A salt is an ionic compound (cation and anion). Salts are very soluble in water. When they dissolve, the ions sometimes react with water and affect the pH of the solution; we call this hydrolosis. To determine how a salt affects pH, you must look at each of its ions individually:

neutral (does not affect pH)
Cation of a strong base (e.g., Na+ from NaOH) or anion of a strong acid (e.g., Cl from HCl). Most of these ions are from group 1, 2, or 7, but don’t forget polyatomic ions like SO42− from H2SO4.
acidic (decreases pH)
Conjugate acid of a weak base (e.g., NH4+, the conjugate acid of NH3) or metal cation with high charge density (Al3+ and Fe3+ are the main ones).
basic (increases pH)
Conjugate base of a weak acid (e.g., CH3COO, the conjugate base of CH3COOH).

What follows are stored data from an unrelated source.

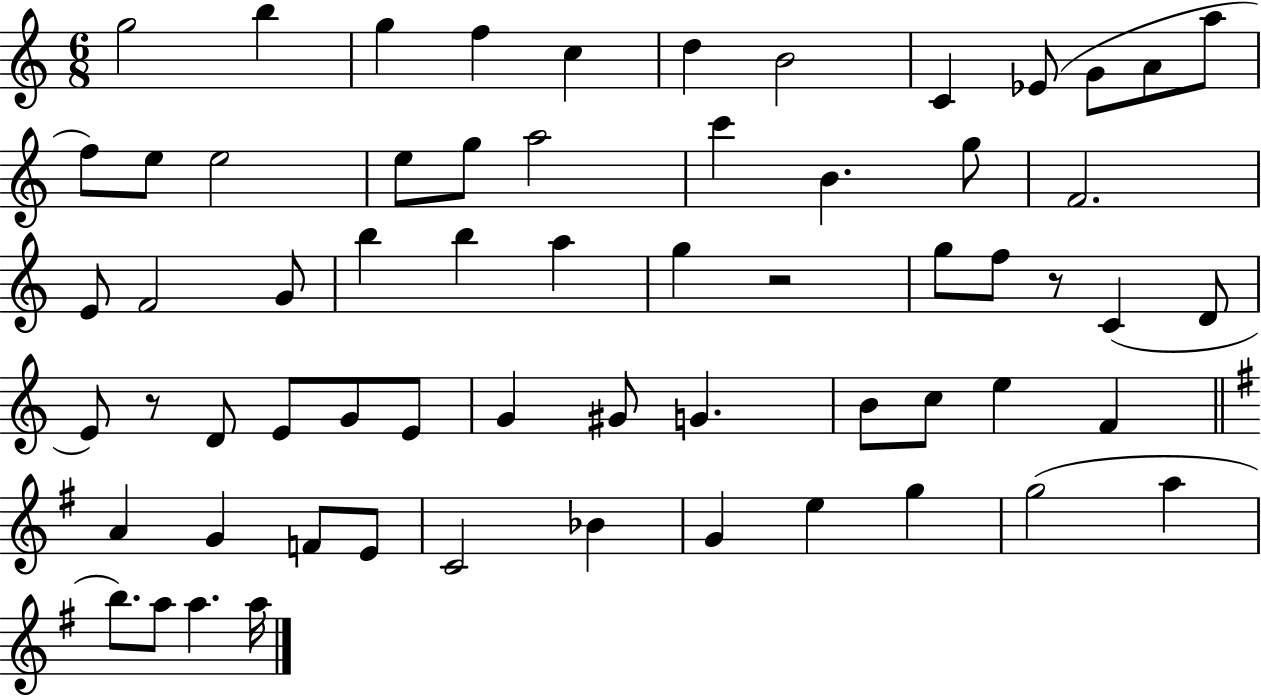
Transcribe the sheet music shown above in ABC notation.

X:1
T:Untitled
M:6/8
L:1/4
K:C
g2 b g f c d B2 C _E/2 G/2 A/2 a/2 f/2 e/2 e2 e/2 g/2 a2 c' B g/2 F2 E/2 F2 G/2 b b a g z2 g/2 f/2 z/2 C D/2 E/2 z/2 D/2 E/2 G/2 E/2 G ^G/2 G B/2 c/2 e F A G F/2 E/2 C2 _B G e g g2 a b/2 a/2 a a/4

When a salt contains both a cation that decreases pH and an anion that increases pH, we must compare their ionization constants to see which one overwhelms the other:

• $\displaystyle K_{\text{a}} = K_{\text{b}} \Rightarrow$ neutral
• $\displaystyle K_{\text{a}} > K_{\text{b}} \Rightarrow$ acidic
• $\displaystyle K_{\text{a}} < K_{\text{b}} \Rightarrow$ basic

When a salt contains an amphoteric ion (it can donate a proton or accept one, e.g., HSO4), you must write the equation twice: once for when the ion acts as an acid and once for when it acts as a base. Then, compare the $\displaystyle K_{\text{a}}$ and $\displaystyle K_{\text{b}}$ values the same way as shown above.

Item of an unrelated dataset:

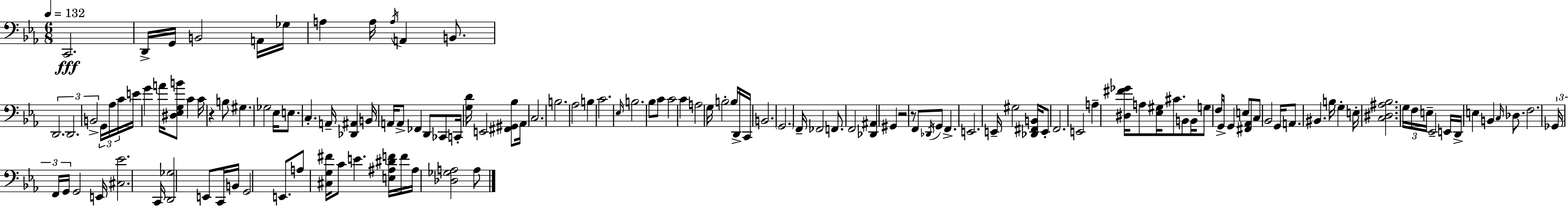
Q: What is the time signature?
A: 6/8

There is one more special case: oxides. A metal oxide always reacts with water to form a basic solution because one of the products is the hydroxide ion. Don’t write a dissociation equation—just react the compound with water directly. For example:

CaO(s) + H2O(l) → Ca2+(aq) + 2 OH(aq).

A nonmetal oxide always reacts with water to form an acidic solution because one of the products is the hydronium ion. For example:

CO2(g) + H2O(l) → H2CO3(aq)

H2CO3(aq) + H2O(l) → HCO3(aq) + H3O+(aq).

## Example

Will (NH4)2SO4(s) produce a neutral, acidic, or basic solution when dissolved in water?

First, we write the dissociation reaction, indicating that the salt dissolves completely with a one-directional arrow:

(NH4)2SO4(s) → 2 NH4+(aq) + SO42−(aq).

Since NH4+ is the conjugate acid of a weak base, we know that it will cause the solution to become acidic:

NH4+(aq) + H2O(l) ⇌ NH3(aq) + H3O+(aq), $\displaystyle K_{\text{a}} = 5.8 \times 10^{- 10}$.

However, SO42−(aq) will also affect the pH: it is the conjugate base of a weak acid, so it will cause the solution to become basic:

SO42−(aq) + H2O(l) ⇌ HSO4(aq) + OH(aq).

We can’t just look up the ionization constant like we did for NH4+(aq) because it isn’t on the list, at least not directly. What is on the list is $\displaystyle K_{\text{a2}}$ for H2SO4(aq), which is the same as $\displaystyle K_{\text{a}}$ for HSO4(aq). We can use this to find the ionization constant for the conjugate base of HSO4(aq), which is SO42−(aq). Since $\displaystyle K_{\text{a}} K_{\text{b}} = K_{\text{w}}$,

$\displaystyle K_{\text{b}} = \frac{K_{\text{w}}}{K_{\text{a2}}} = \frac{1.0 \times 10^{- 14}}{1.0 \times 10^{- 2}} = 1.0 \times 10^{- 12}$.

Now we have our $\displaystyle K_{\text{a}}$ and $\displaystyle K_{\text{b}}$ values for NH4+(aq) and SO42−(aq). They are 5.8 × 10−10 and 1.0 × 10−12 respectively. Since $\displaystyle K_{\text{a}} > K_{\text{b}}$, dissolving this salt in water will result in an acidic solution.